» **DATA EXCERPT**
□ □ □ □

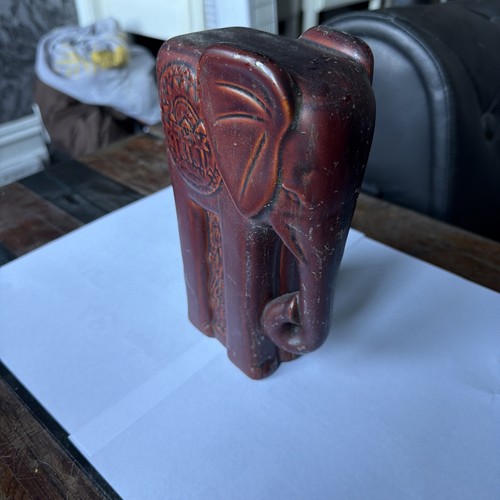 Vintage brown ceramic elephant - brown,
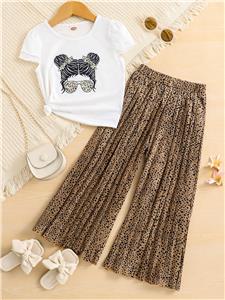 Girls White Top and Leopard Print Pleated Pants Set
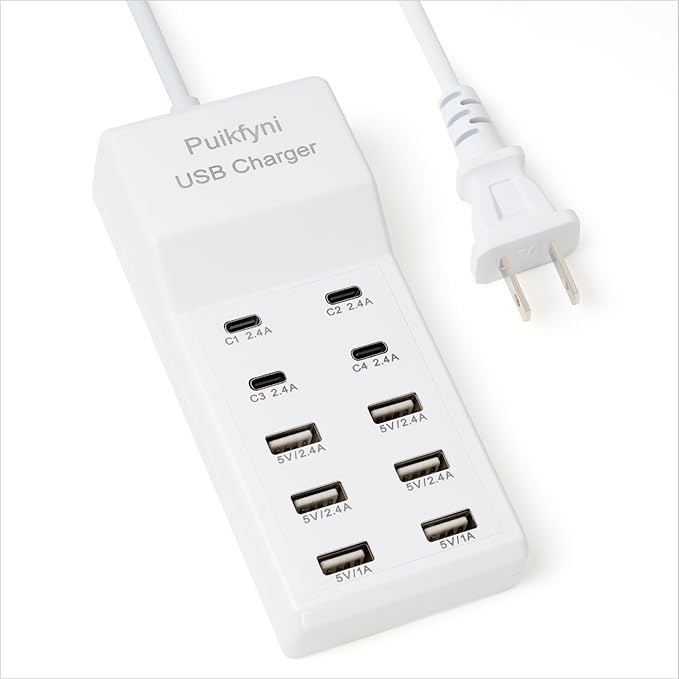 USB Charger Station with 4 Type-C and 6 Type-A Ports, Rapid Charging Auto Detect Technology Safety Guaranteed, 50W 10A USB Charger Block for Smart Phone, Tablet, Laptop, Multiple Devices
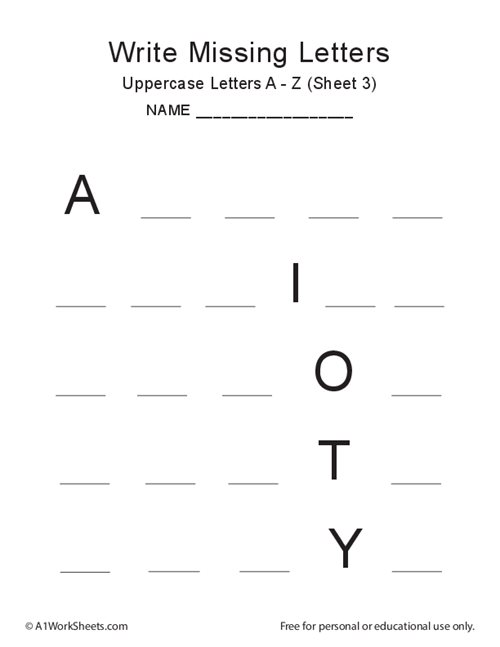 Missing Letters A-Z (uppercase)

□ □ □ □

» **PROBLEM REQUIREMENTS**
All the lines above are to be reproduced exactly, except the pictures.

» **EXERCISE RESPONSE**
 Vintage brown ceramic elephant - brown,
 Girls White Top and Leopard Print Pleated Pants Set
 USB Charger Station with 4 Type-C and 6 Type-A Ports, Rapid Charging Auto Detect Technology Safety Guaranteed, 50W 10A USB Charger Block for Smart Phone, Tablet, Laptop, Multiple Devices
 Missing Letters A-Z (uppercase)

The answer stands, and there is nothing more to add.